The parish council has responsibility for local issues, including setting an annual precept (local rate) to cover the council's operating costs and producing annual accounts for public scrutiny. The parish council evaluates local planning applications and works with the local police, district council officers, and neighbourhood watch groups on matters of crime, security, and traffic. The parish council's role also includes initiating projects for the maintenance and repair of parish facilities, as well as consulting with the district council on the maintenance, repair, and improvement of highways, drainage, footpaths, public transport, and street cleaning. Conservation matters (including trees and listed buildings) and environmental issues are also the responsibility of the council.

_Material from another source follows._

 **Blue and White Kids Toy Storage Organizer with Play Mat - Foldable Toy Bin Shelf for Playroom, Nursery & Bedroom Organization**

For local government purposes, since 1 April 2023, the village comes under the unitary authority of Somerset Council. Prior to this, it was part of the non-metropolitan district of South Somerset, which was formed on 1 April 1974 under the Local Government Act 1972, having previously been part of Wincanton Rural District.

It is also part of the Glastonbury and Somerton county constituency represented in the House of Commons of the Parliament of the United Kingdom. It elects one Member of Parliament (MP) by the first past the post system of election, and was part of the South West England constituency of the European Parliament prior to Britain leaving the European Union in January 2020, which elected seven MEPs using the d'Hondt method of party-list proportional representation.

==Landmarks==

The nearby Hadspen house and garden includes the house which is a grade II* listed building, and a private park with formal gardens created by William Player.

==Education==

There is a Secondary School called Ansford Academy which has over 700 students aged 11–16.

==Religious sites==

There is a Methodist church and the Church of England St Andrew's, which has a 15th-century tower, with the remainder of the church being rebuilt by Charles Edmund Giles in 1861.

==Notable residents==

It was the birthplace of clergyman and diarist James Woodforde and, in 1763, his nephew Samuel Woodforde.